Qualification of High Speed AFM

Discussion in the AFM community has led to consensus that the minimum qualifications for a vendor to classify their system as high speed is to achieve at least an order of magnitude speed improvements on Celgard™, tip-check, and a calibration grating samples. These three specimens were put forward as the minimum benchmark when qualifying an AFM system claim of high speed because they test and confirm the quality of the complete system design and performance capability of the atomic force microscope. Watch a compilation video of all three benchmark specimens here.

More Videos from the Dimension FastScan Portfolio

Dynamic Heating and Cooling of PDES

Dynamic heating and cooling AFM measurements can be challenging because the changing temperature can induce considerable drift both in position, and force control. This video shows a high speed imaging dynamic experiment of poly(diethylsiloxane) (PDES). Siloxanes have broad application as greases, lubricants, elastomers and resins. PDES exists as a liquid crystal at room temperature. PDES transitions into a fully liquid state at its isotropization temperature of ~ 60 C. Cooling back down, PDES undergoes two mesomorphic transitions- liquid to liquid crystal (mesomorphic) and liquid crystal to solid crystal (~ -2 C). AFM imaging can be used to study the film’s nano-morphology, and its changes at each phase transition.

Unattended Imaging of Challenging Samples

This video highlights the powerful combination of the Dimension FastScan and ScanAsyst® by demonstrating unattended high speed imaging on a diverse set of challenging samples. Seen here are several simultaneous views of the lab showing different elements of the experiment including the unattended nature of the system operation, as well as a detail of the scan parameters so you can see the system auto-optimize on each sample.

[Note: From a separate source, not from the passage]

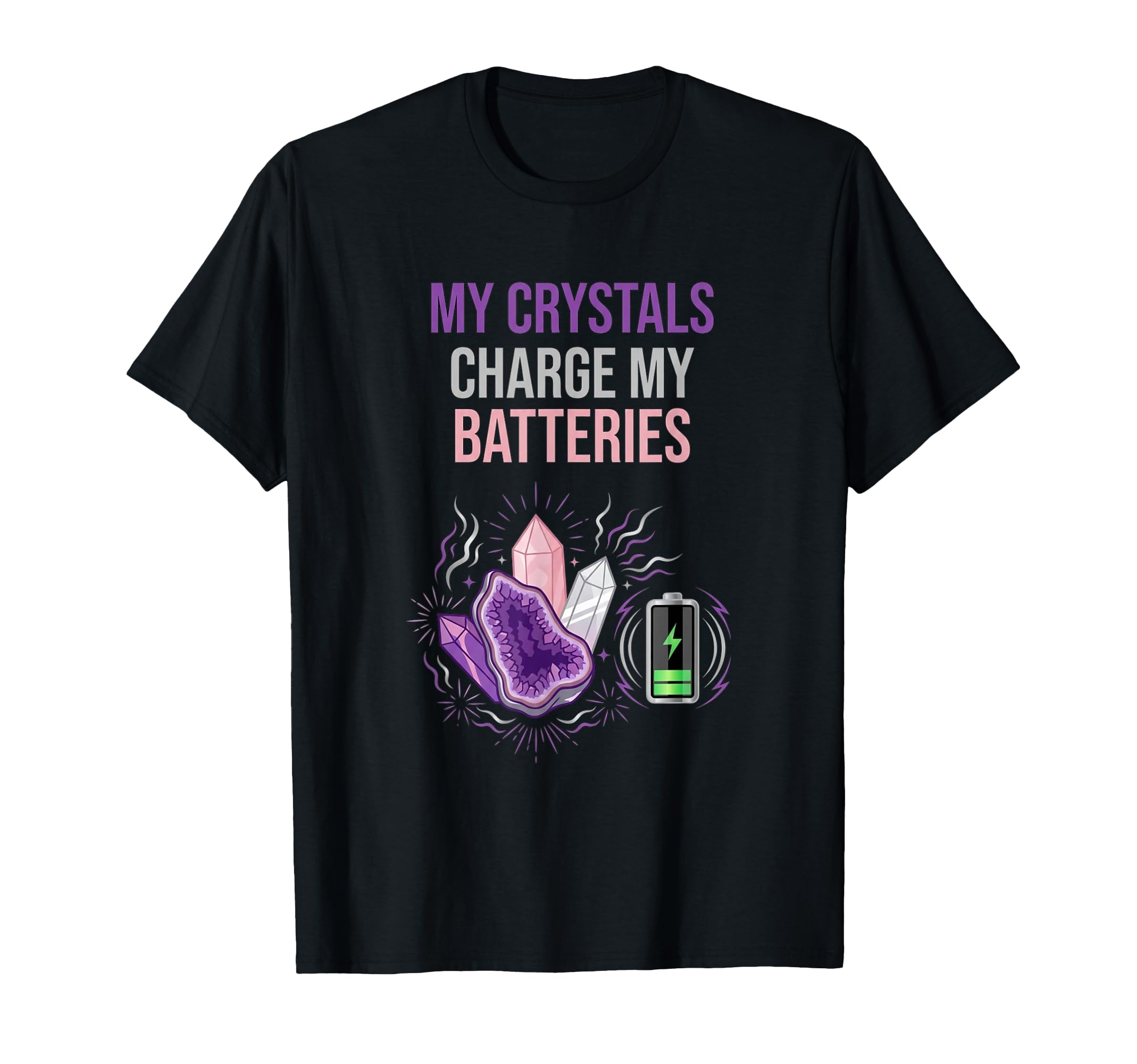 My Crystals Charge My Batteries T-Shirt - Aesthetic Graphic for Adults - T-Shirt, Sweatshirt, Hoodie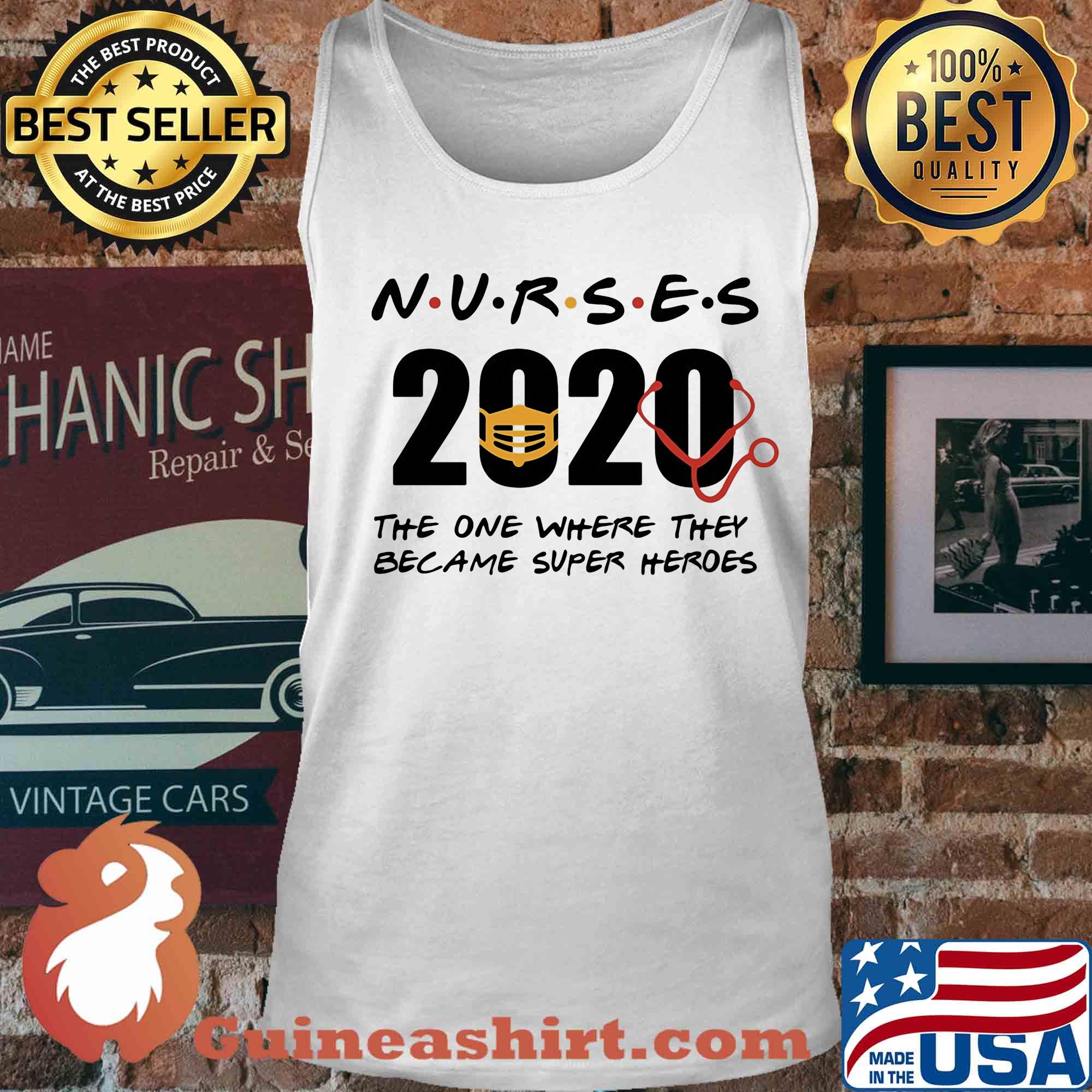 Nurse 2020 mask the one where they because superheroes s Tank top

Crystalline Lamella Structures of PHBV

Imaged here is PHBV (Poly(hydroxybutyrate-co-valerate)), a biodegradable thermoplastic polyester produced by microbial fermentation. PHBV is commonly used as a "Green Polymer" due to its characteristics of being impact resistant, dishwasher safe, and its ability to hold a vibrant color. The downside is its current market price set significantly higher than that of commodity plastics. This dichotomy provides an important driver for its study. The investigation of the formation of PHBV’s crystalline lamella structure, shown in this video, may eventually determine the mechanical properties of the bulk material. This is lamella-nanostructure is ideal to study with the AFM. The structures are shown here at: 97Hz, 1um x 1um, 256 x 256; 22Hz, 1.8um x1.8um, 1024 x 512; 52Hz, 1um x 1um, 512 x 256; and 5Hz, 20u, x 20um, 5120 x 5120 + Offline Zoom and Pan & Scan. Sample courtesy of Jamie Hobbs.

Dynamic Polystyrene Wetting and De-wetting

Wetting phenomena can be found in many industrial and everyday situations: lubrication of surfaces (e.g. in cars), cornea (eye), paint (e.g. oil-free surfaces). The forces driving wetting and de-wetting are the effective interface potentials between the fluid and the substrate, and between the fluid and air. For a homogenous fluid layer to de-wet, the symmetry of the layer must first be broken. Three mechanisms are possible each dependent on the driving forces, polymer's molecular weight and layer thickness. Polystyrene films of less than 100nm thickness on hydrophobically treated silicon surfaces are good model systems to study de-wetting. In the video the individual appearance of the holes identifies the process of hole formation as thermal nucleation. The pattern of smaller, similar-sized depressions, without complete hole formation, may hint at a concurrent spinodal effect. They appear later in the process and are soon overwhelmed by the holes caused by thermal nucleation, and had not been previously time resolved on this sample.